## PROVIDED DATA:
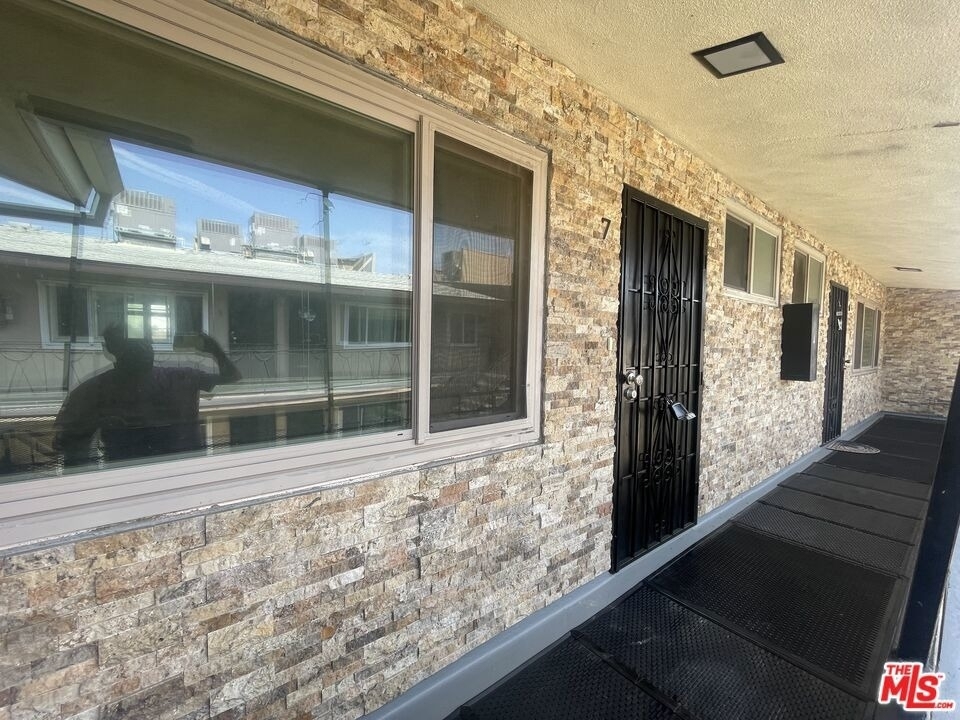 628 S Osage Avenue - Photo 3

--

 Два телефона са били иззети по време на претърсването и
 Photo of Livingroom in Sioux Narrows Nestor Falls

==

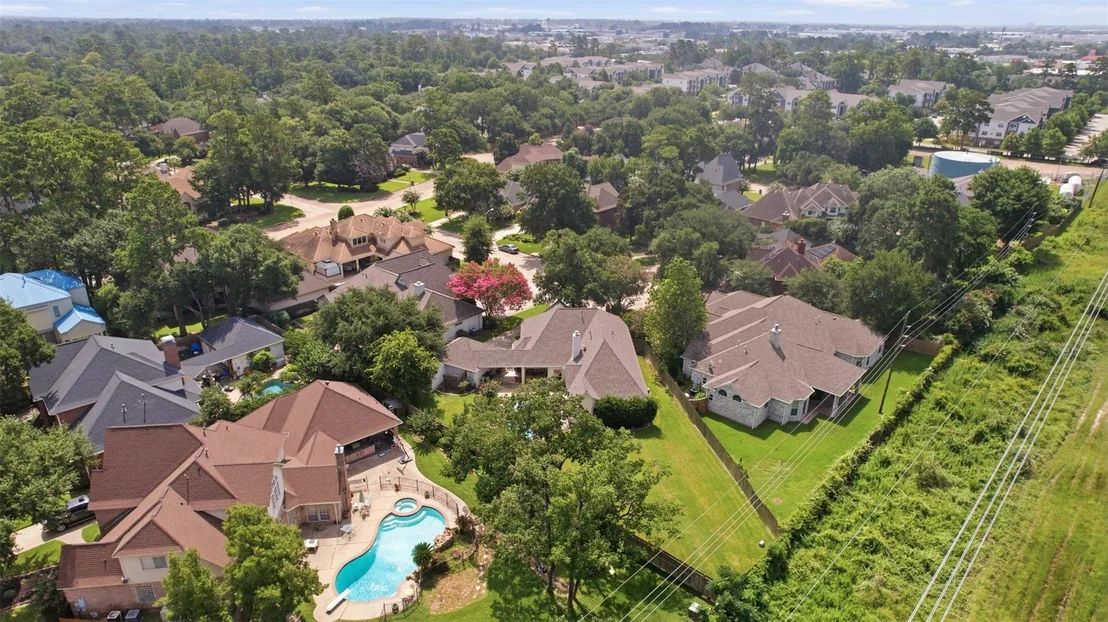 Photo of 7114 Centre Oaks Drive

## ASSIGNED TASK:
Everything above from the line with "Два телефона са" to the line with "Photo of Livingroom", both included, must be repeated exactly, and nothing outside that range.

## EXERCISE ANSWER:
 Два телефона са били иззети по време на претърсването и
 Photo of Livingroom in Sioux Narrows Nestor Falls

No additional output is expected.